**Action item:**
Transcribe every entry that follows exactly, omitting all pictures.

Segment Start: Input records

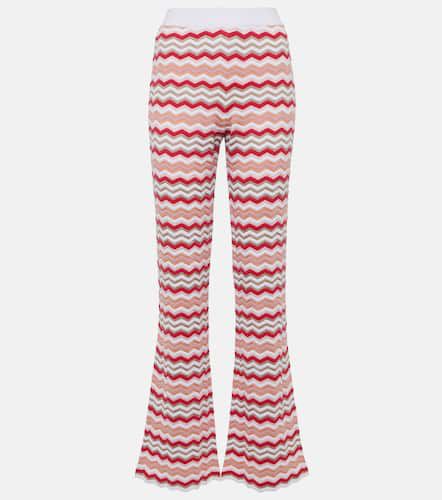 Pantalones flared en zigzag de tiro alto - Missoni - Modalova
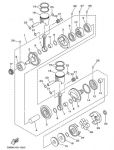 Поршневые кольца Yamaha SJ700 (STD).  61X-11603-01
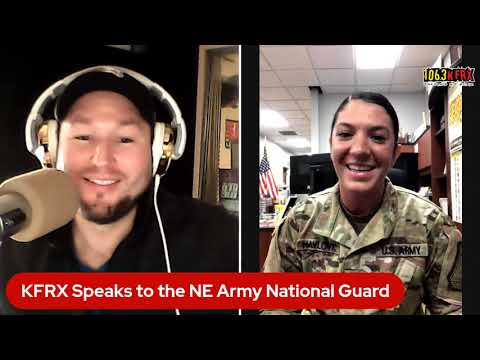 KFRX Speaks to The Nebraska Army National Guard.
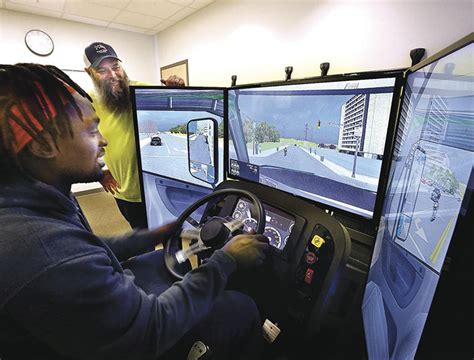 Trucking Simulator Helps Students During CDL Training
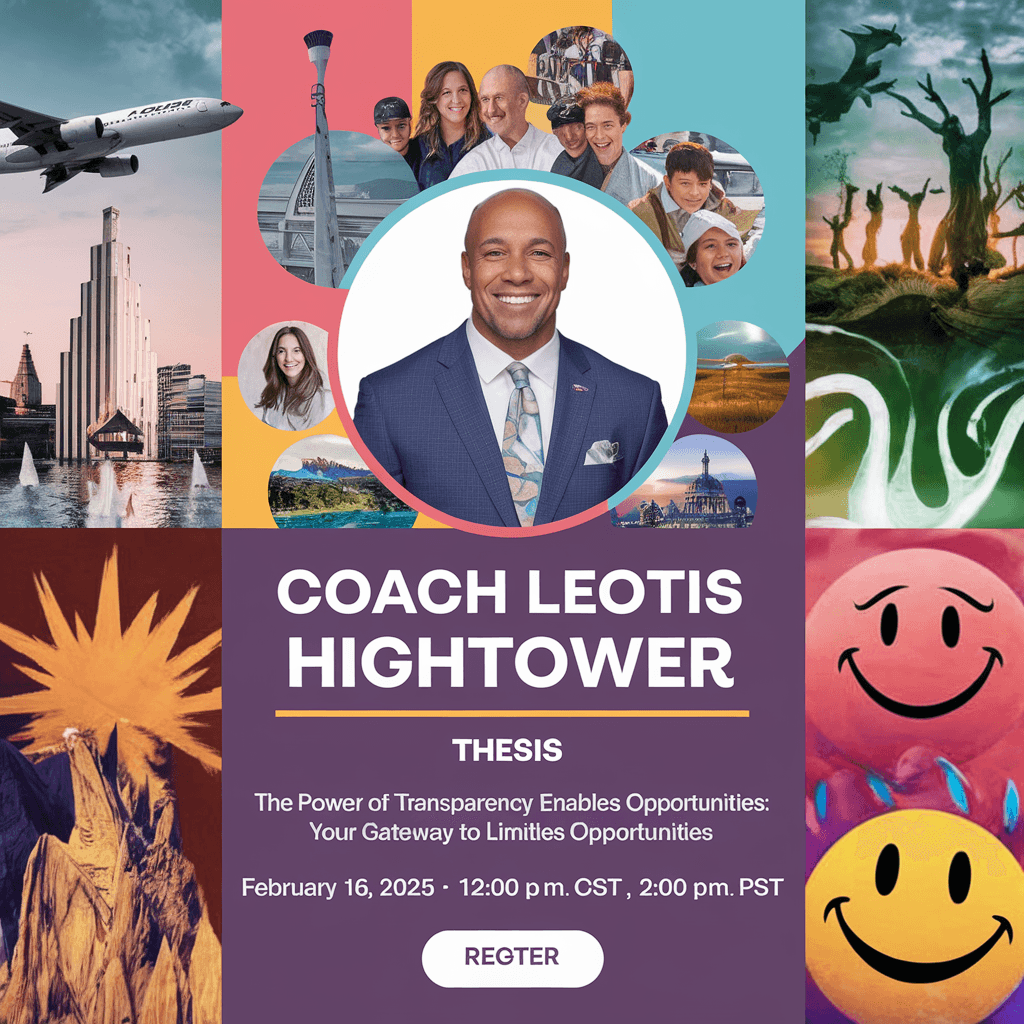 AI generated: **Prompt:**

Create a vibrant, motivational collage-style poster that prominently features **Coach L...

Segment End: Input records

**Your response:**
 Pantalones flared en zigzag de tiro alto - Missoni - Modalova
 Поршневые кольца Yamaha SJ700 (STD).  61X-11603-01
 KFRX Speaks to The Nebraska Army National Guard.
 Trucking Simulator Helps Students During CDL Training
 AI generated: **Prompt:**

Create a vibrant, motivational collage-style poster that prominently features **Coach L...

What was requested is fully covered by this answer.